Omit every picture while repeating the entries exactly.

☆ ☆ ☆ ☆

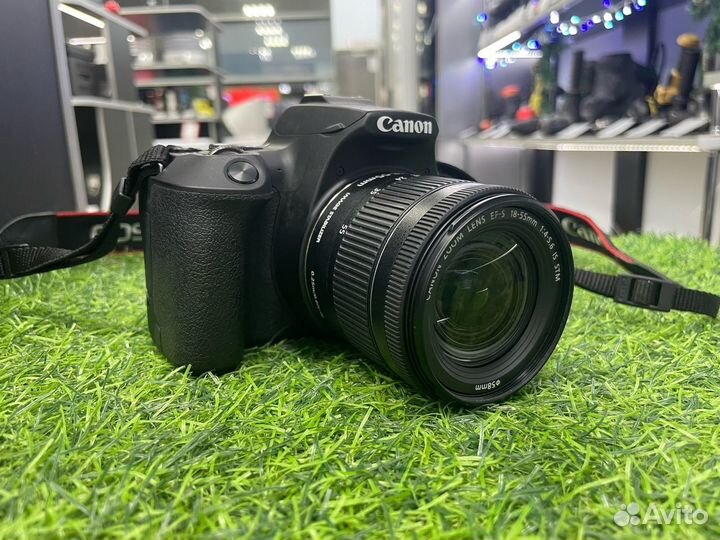 Зеркальный фотоаппарат Canon EOS 250D Kit 18-55 IS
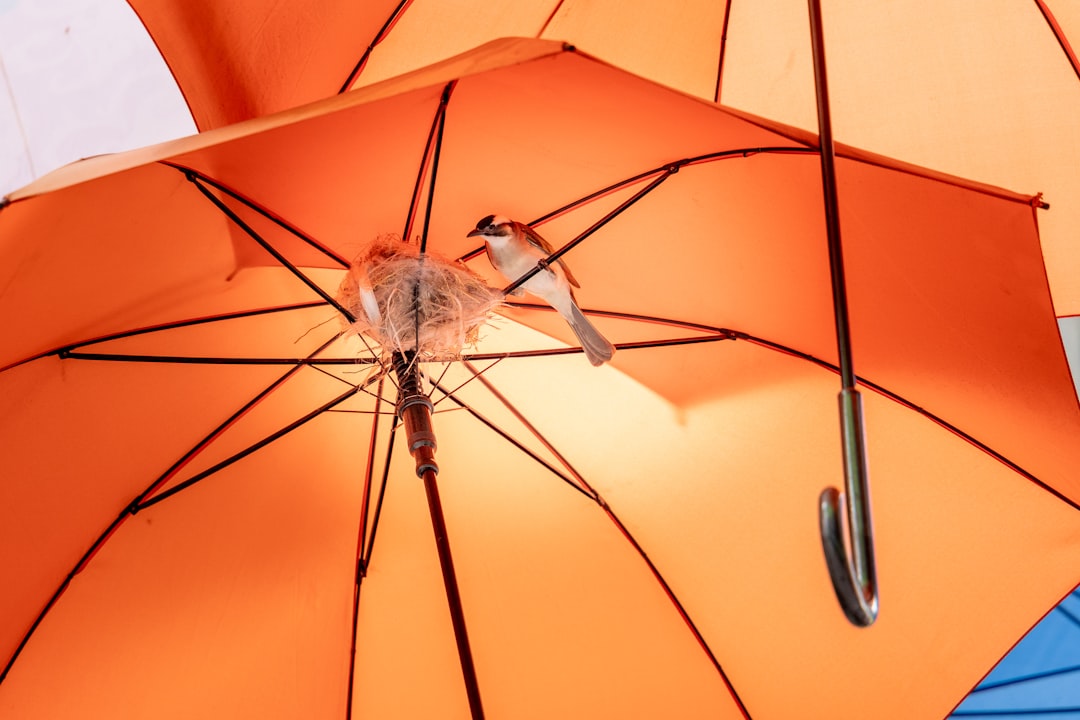 a couple of birds sitting on top of an orange umbrella
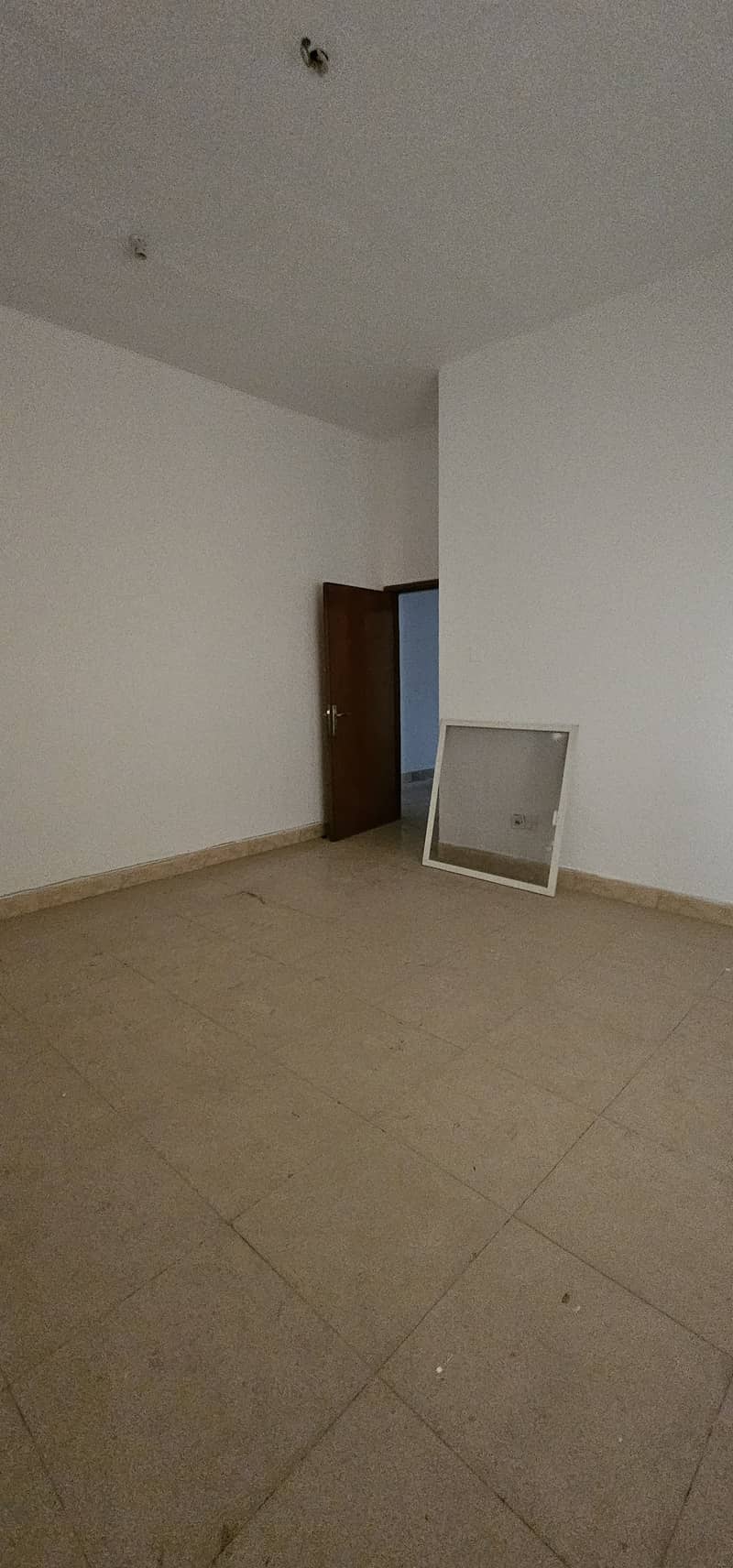 17 54509. jpg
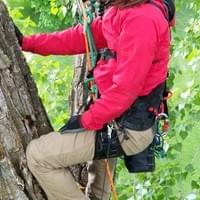 Jess during her canopy research course on USU's campus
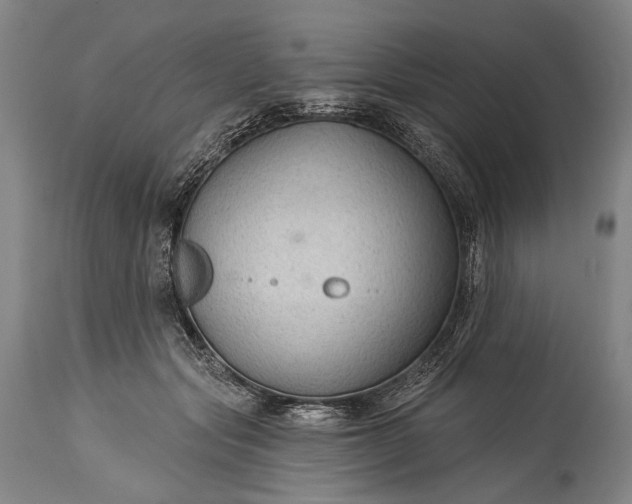 X0000115290557200911161636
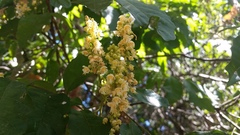 Toechima daemelianum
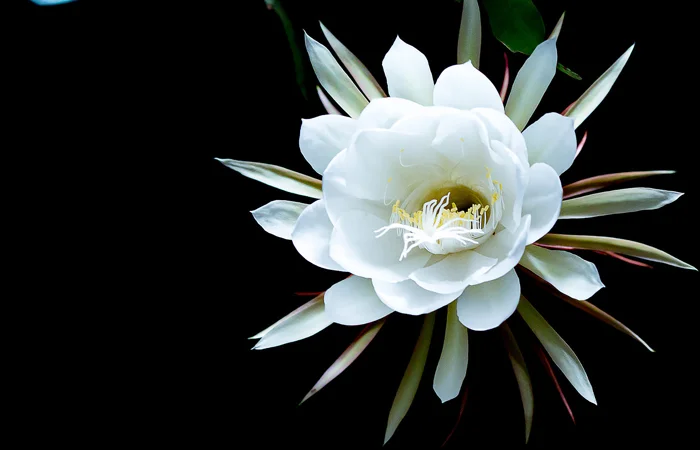 hoa quỳnh là hoa gì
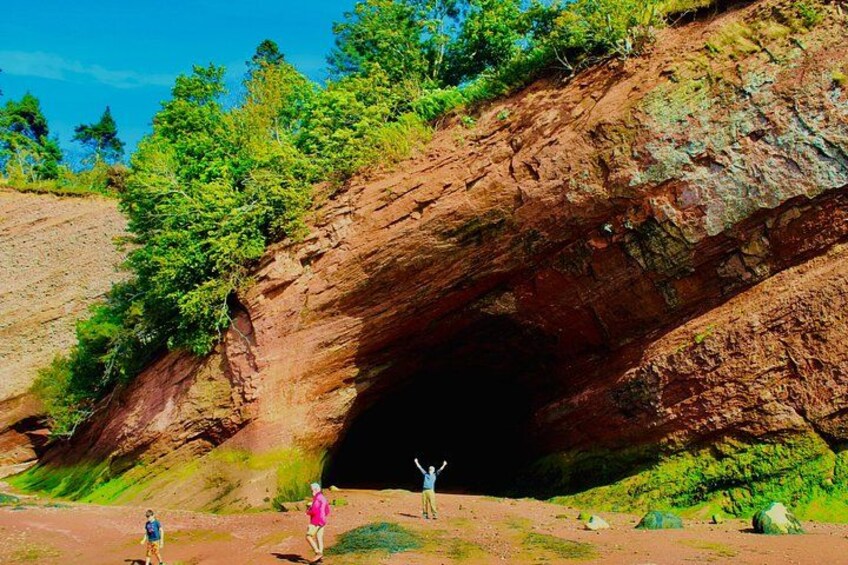 Bay Of Fundy Guided Tour 3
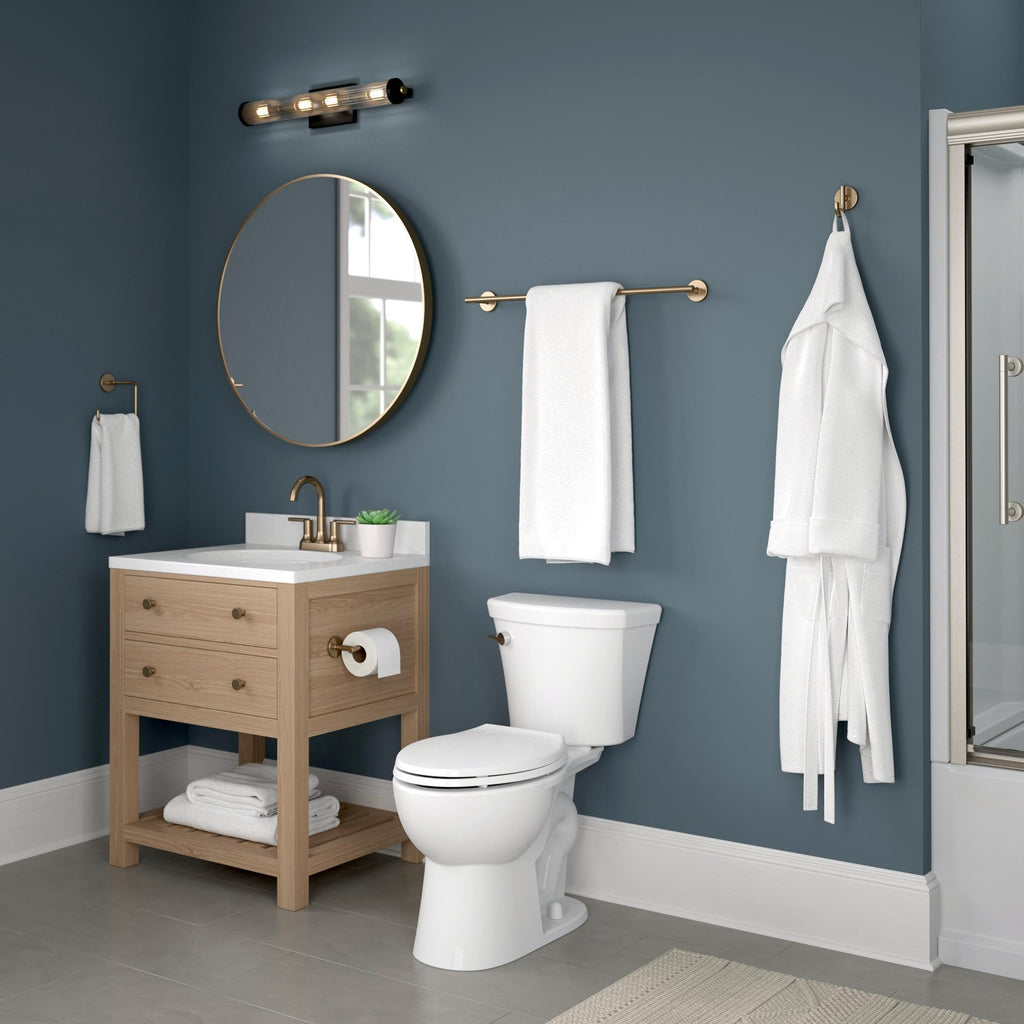 Single Post Toilet Paper Holder | Champagne Bronze | Wall Mount | Trinsic Bathroom Accessories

☆ ☆ ☆ ☆

* Response area *
 Зеркальный фотоаппарат Canon EOS 250D Kit 18-55 IS
 a couple of birds sitting on top of an orange umbrella
 17 54509. jpg
 Jess during her canopy research course on USU's campus
 X0000115290557200911161636
 Toechima daemelianum
 hoa quỳnh là hoa gì
 Bay Of Fundy Guided Tour 3
 Single Post Toilet Paper Holder | Champagne Bronze | Wall Mount | Trinsic Bathroom Accessories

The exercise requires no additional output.